After crawling this website, you will have two custom columns with the names product_price and product_availability. For pages that actually contain a price and availability you will see the data, and for pages that don’t, you will get NA values.

Column groups

There are also several columns that can be thought of as a group, becuase they are either similar to one another, mean something similar, or form parts of a whole.

Similar:

The heading tags h1..h6 are similar to one another, but are independent.

Mean something similar

Response and request headers can be thought to belong to this category. You will see all these columns start with resp_headers_ and request_headers_.

Forming parts of a whole

Image tags, JSON-LD, redirects, and links fall under this category. A single image can have multiple attributes like src, alt, width and several more. Although these would belong to the same image, they are spread across columns, one for each. Redirects have multiple components as well: the URLs, status codes, and number of redirects. The JSON-LD elements can be quite complicated and nested to multiple levels. Again, each component will have its own column in the crawl file.

Now let’s see how we handle the case where we have multiple values of the same element on the same page.

Multiple values of the same element on one page

With most HTML elements, you can have more than one appearing on the same page. We typically see multiple images, multiple heading tags, or links on the same page.

Following “tidy data” principles, each column represents data about one, and only one, element. And there should be no other column that contains data for the same element.

In other words, the img_src column has all the img_src elements that appeared on the crawled page(s). Also, there is no other img_src column to be found in the crawl DataFrame.
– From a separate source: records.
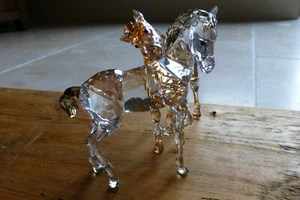 Swarovski Crystal COLOURED Foals Playing 1121627 🐴🐴 RARE RRP £395 MINT~BOXED - Picture 1 of 20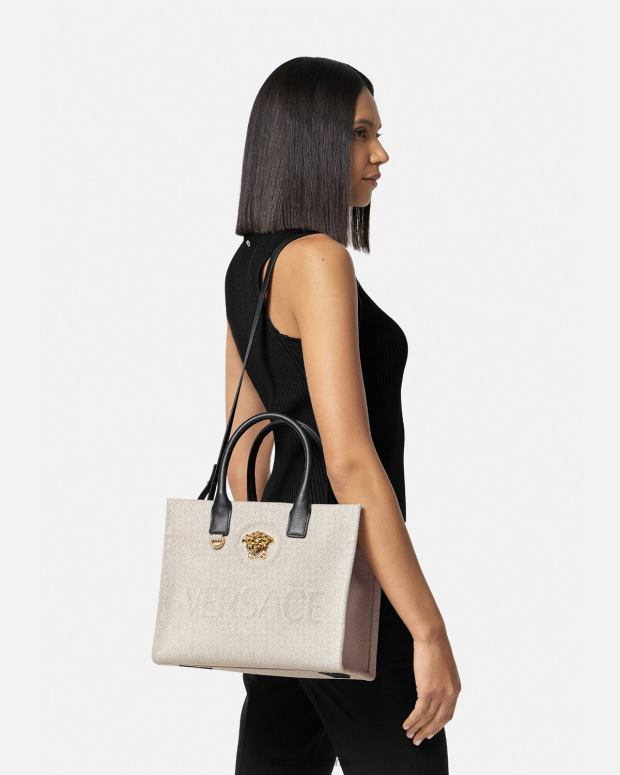 esso Versace donne Borsa tote piccola la medusa beige JT08Z330 borse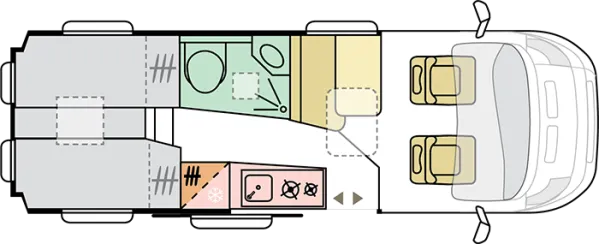 Tagesgrundriss Adria Twin ALL-IN 640 SL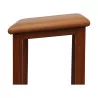 Architect's stool in walnut-stained beech and leather seat... - Moinat - Bar stools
How multiple elements are represented

Whenever this case happens, you will see multiple elements delimited by two “@” signs @@:

output_file.jl
{"url": "https://example.com/A", "h2": "one@@two@@three"}
{"url": "https://example.com/B", "h2": null}
{"url": "https://example.com/C", "h2": "one@@three@@four@@five"}
{"url": "https://example.com/D", "h2": "nine@@ten"}

After you crawl a website, or a set of URLs, this is what those columns would look like in a DataFrame:

import pandas as pd

crawl_df = pd.read_json("output_file.jl", lines=True)
crawl_df
url h2
0 https://example.com/A one@@two@@three
1 https://example.com/B <NA>
2 https://example.com/C one@@three@@four@@five
3 https://example.com/D nine@@ten

On page A we have three h2 tags, on page B we don’t have any, then we have four and two h2 tags respectively, on pages C and D.
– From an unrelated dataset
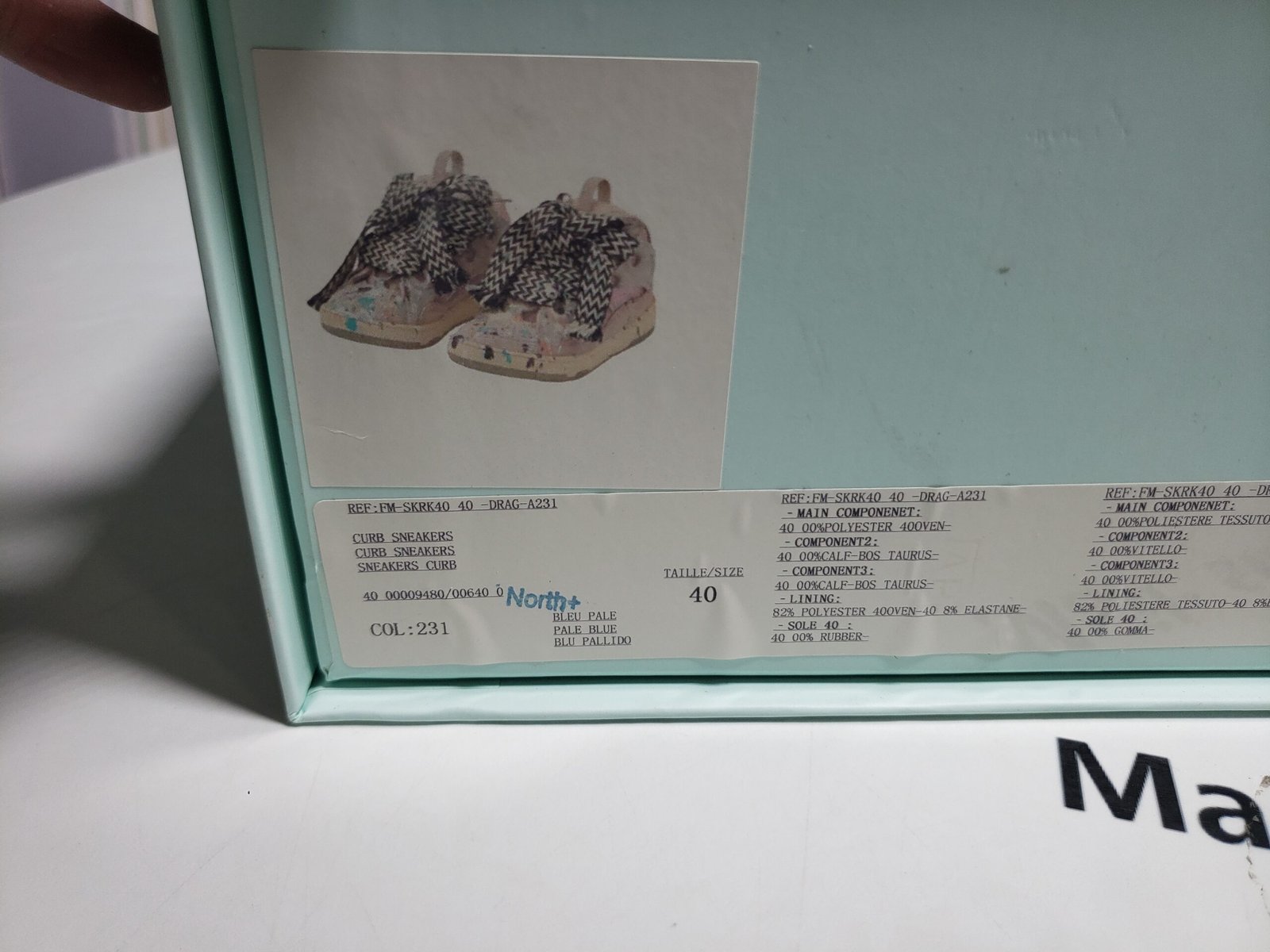Gallery Dept. x Lanvin Wmns Curb Light Sneakers 'Paint Drip - Pale Pink' FW-SKDK02-DRGD-P22B5S0 - Image 5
Interpretation of having multiple elements on the same page

Having more than one element per page can be:

  • An error: In some cases, like the canonical link, which by definition needs to point to a single URL, having more than one on a single page is an issue. Same with the title tag and meta description, which you should be one per URL.
  • A bad practice: Generally we should have a single h1 tag on a page, to make it clear what the most important topic is. It’s not a technical issue (won’t crash your pages), but it’s good to keep it to one instance per page.
  • Absolutely meaningless: In most cases, it doens’t mean anything if you have multiple occurrences of the same element. Most pages have multiple images, links, h2, h3, and various other tags, and this has no meaning at all.
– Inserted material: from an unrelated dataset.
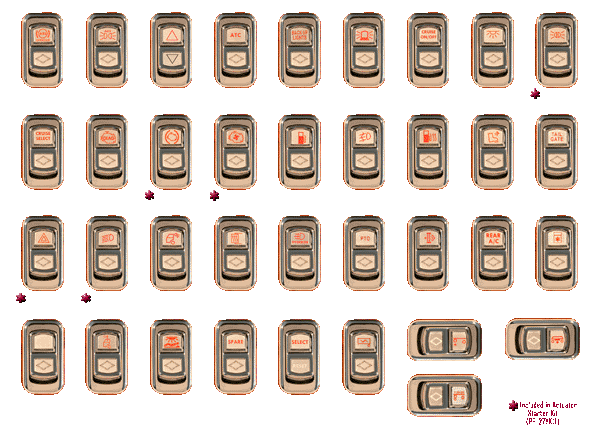 Actuator Button Layout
You might, however, check the counts of tags, where this might give some hints. If you find that a page has a thousand images, it could a bug causing that to happen, or just bad usability.

This was an overview of how the crawl file is structured, and how you can understand it. I’ll share more practical tips and recipes for various use-cases, but this was intentionally more theoretical, and geared toward building an understanding of the crawl file.